*Directions*. Copy out all of the data word for word. Omit every picture.

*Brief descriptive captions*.
■ ■ ■

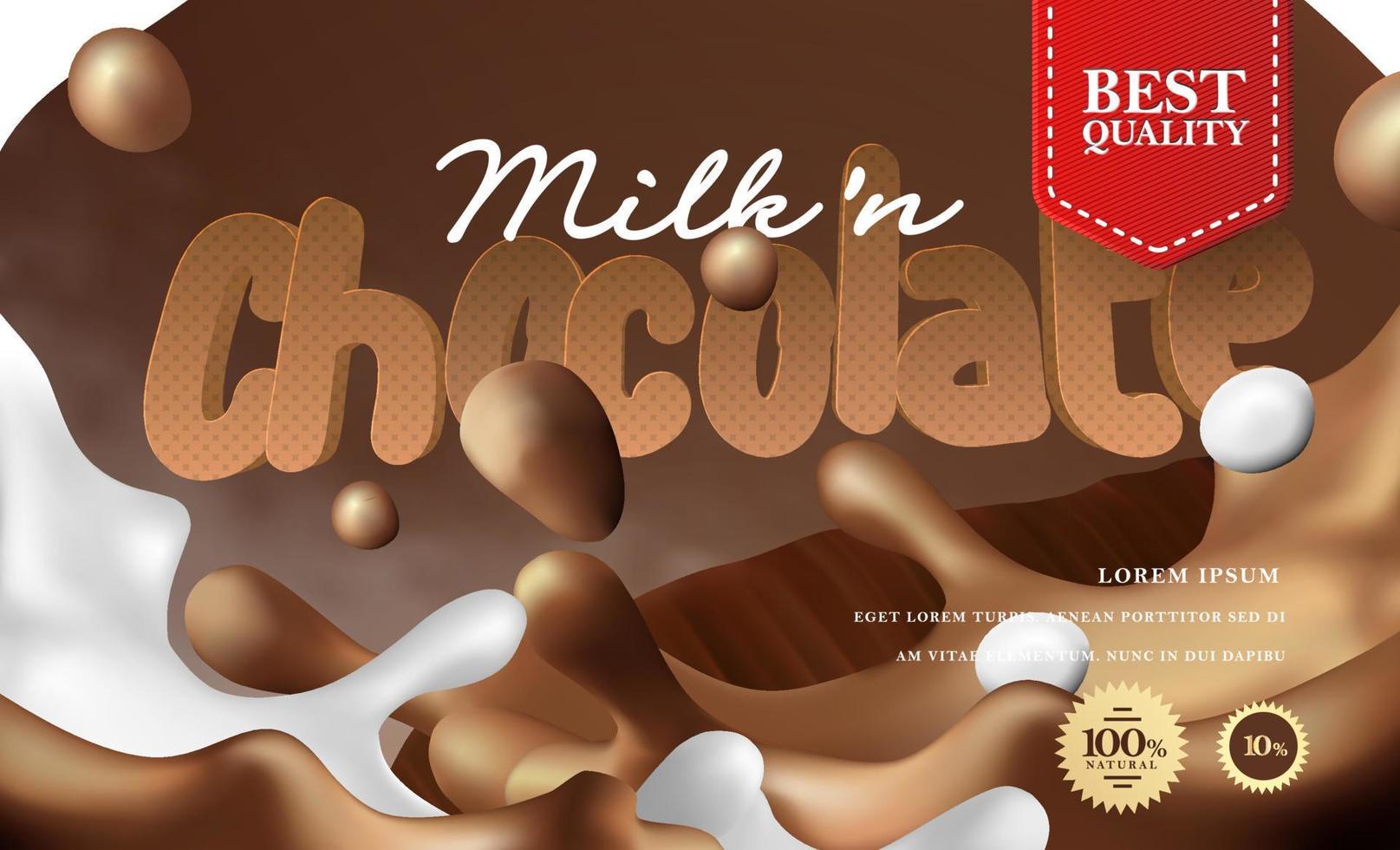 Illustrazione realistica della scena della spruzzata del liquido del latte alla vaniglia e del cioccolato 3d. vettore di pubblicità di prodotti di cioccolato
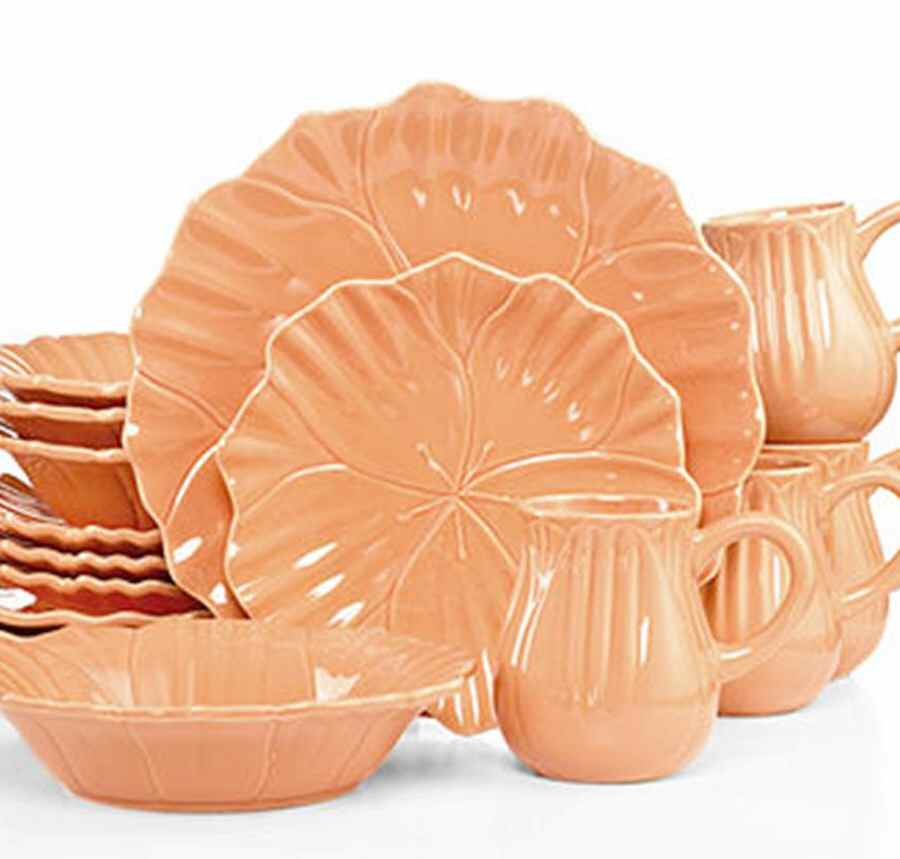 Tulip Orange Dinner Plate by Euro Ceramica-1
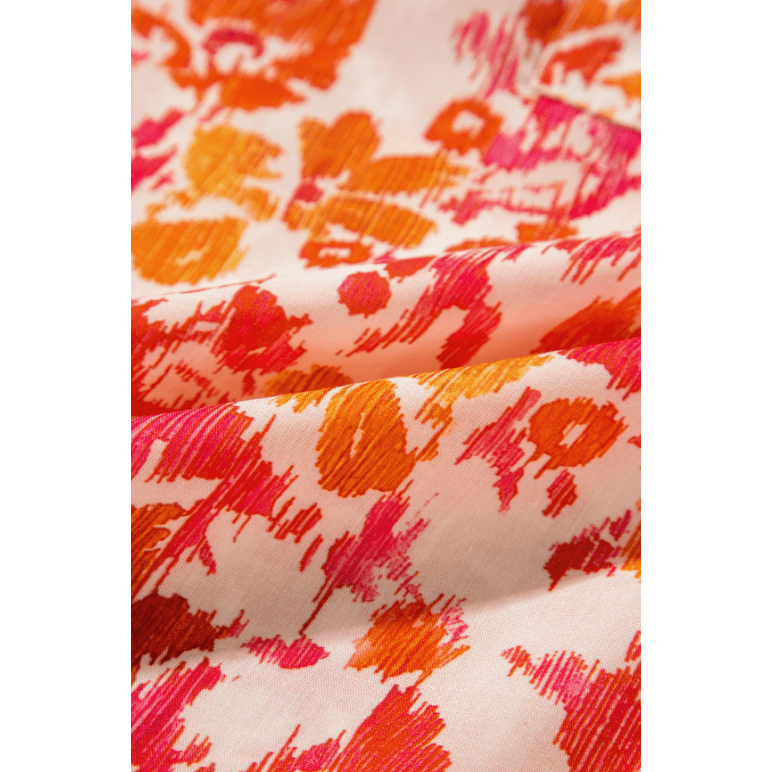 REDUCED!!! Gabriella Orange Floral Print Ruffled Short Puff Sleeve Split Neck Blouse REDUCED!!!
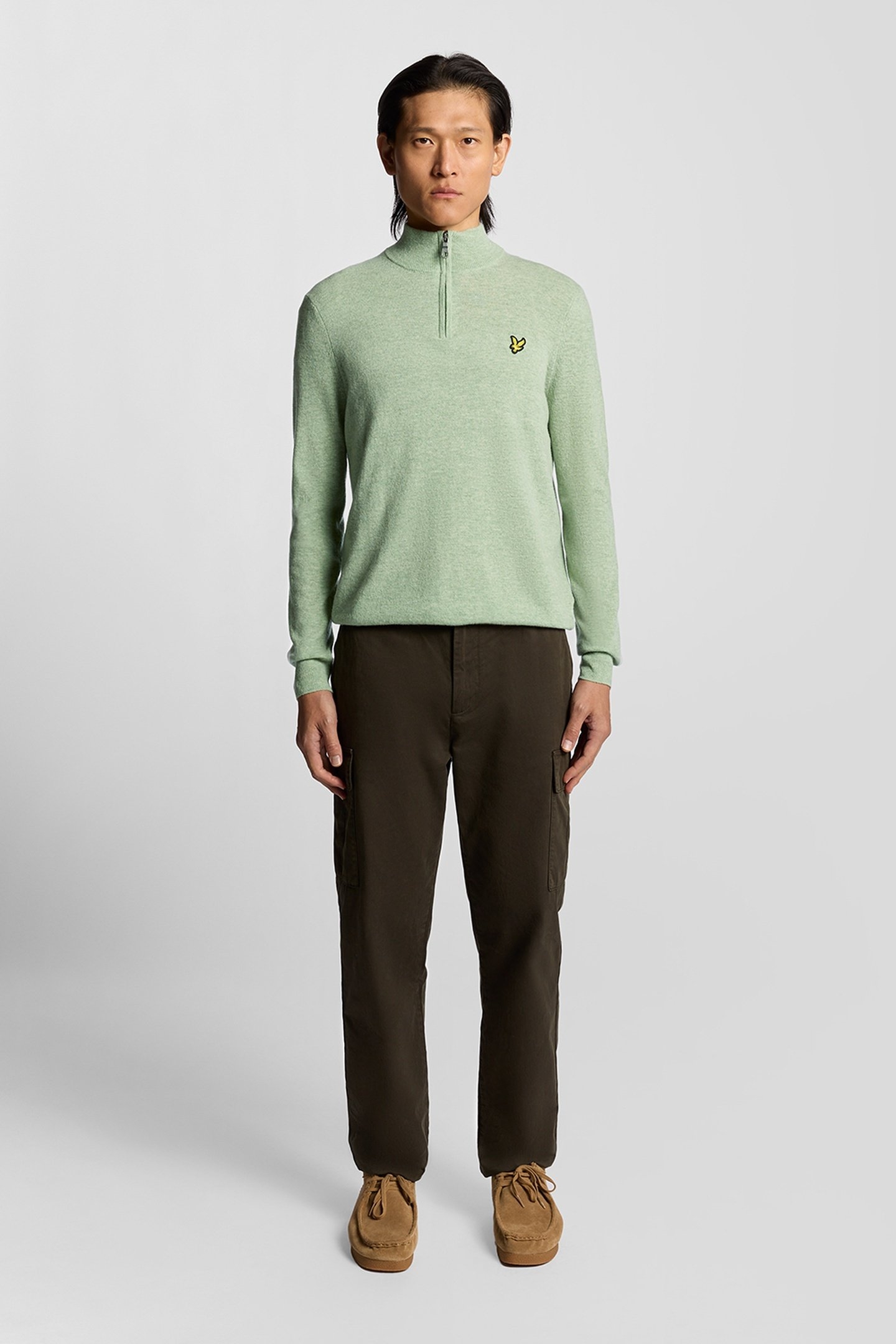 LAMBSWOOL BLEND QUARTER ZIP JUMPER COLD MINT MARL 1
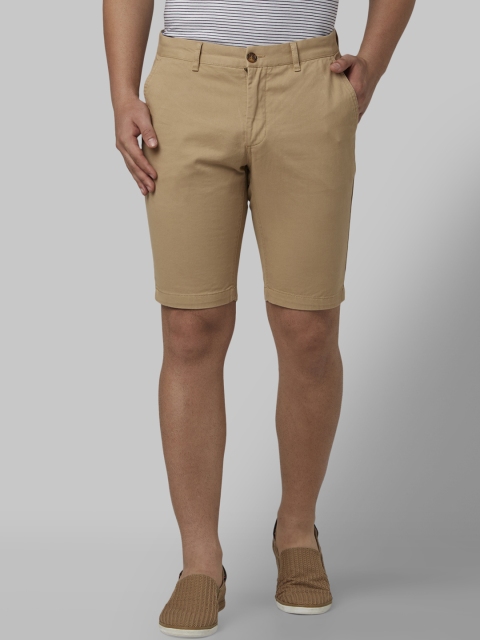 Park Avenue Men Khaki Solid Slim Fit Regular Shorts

■ ■ ■

*Result for this task*.
 Illustrazione realistica della scena della spruzzata del liquido del latte alla vaniglia e del cioccolato 3d. vettore di pubblicità di prodotti di cioccolato
 Tulip Orange Dinner Plate by Euro Ceramica-1
 REDUCED!!! Gabriella Orange Floral Print Ruffled Short Puff Sleeve Split Neck Blouse REDUCED!!!
 LAMBSWOOL BLEND QUARTER ZIP JUMPER COLD MINT MARL 1
 Park Avenue Men Khaki Solid Slim Fit Regular Shorts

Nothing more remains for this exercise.